-- COLLECTED DATA --
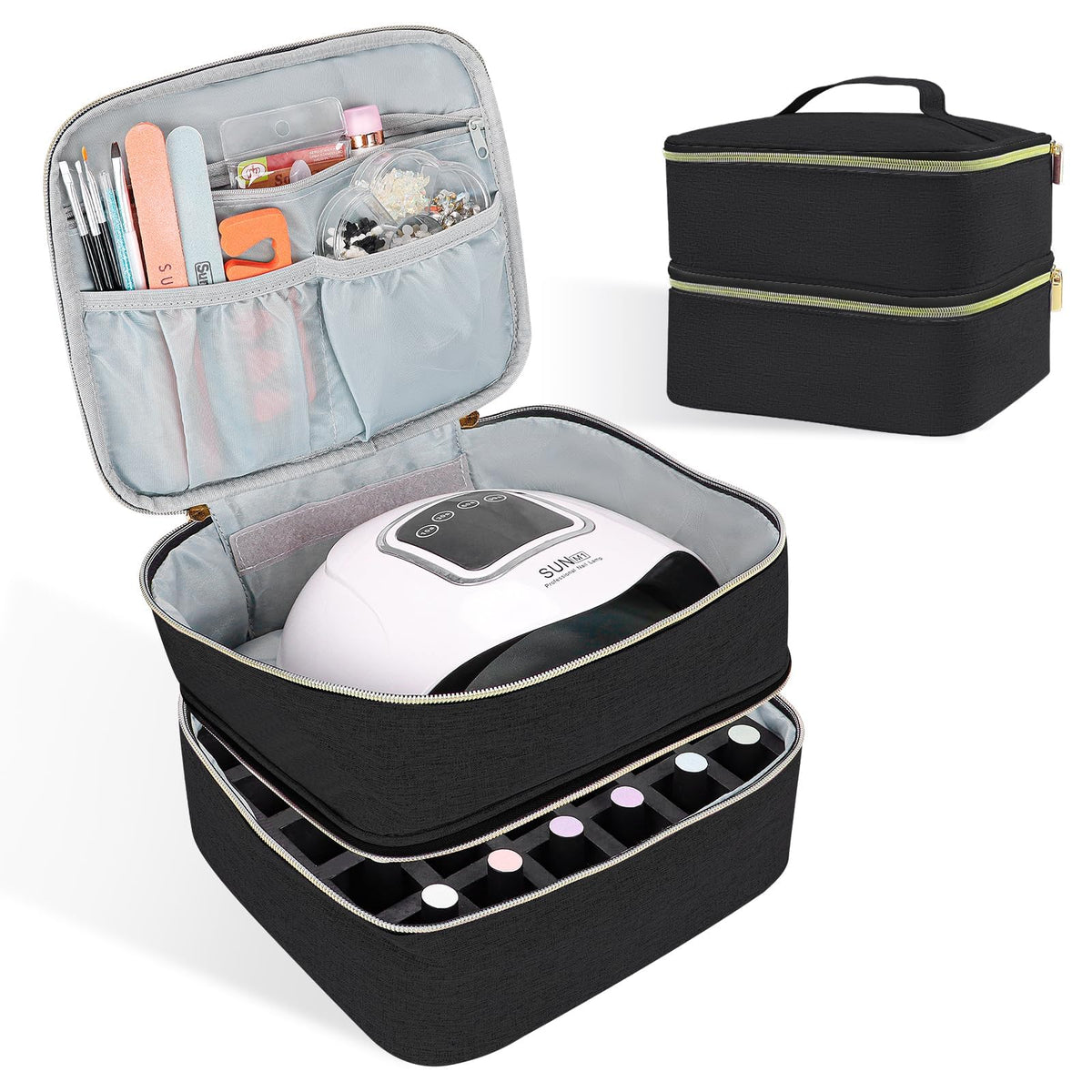 ALSLEA front view of black nail polish organizer showing durable exterior and handle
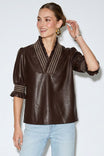 Smocking Ruffle Vegan Leather Blouse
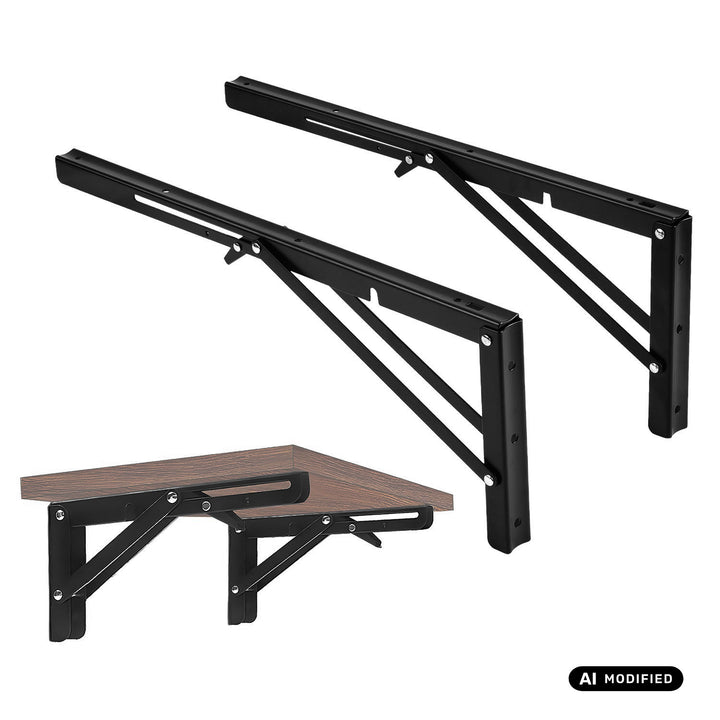 Fällbart fäste för vägghylla Maclean, min. 350 mm, max. 700 mm, max. 50 kg, 2 st., MC-196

-- BRIEF --
When you retype the data above, match every line exactly and leave the pictures behind.

-- ANSWER FOR THE TASK --
 ALSLEA front view of black nail polish organizer showing durable exterior and handle
 Smocking Ruffle Vegan Leather Blouse
 Fällbart fäste för vägghylla Maclean, min. 350 mm, max. 700 mm, max. 50 kg, 2 st., MC-196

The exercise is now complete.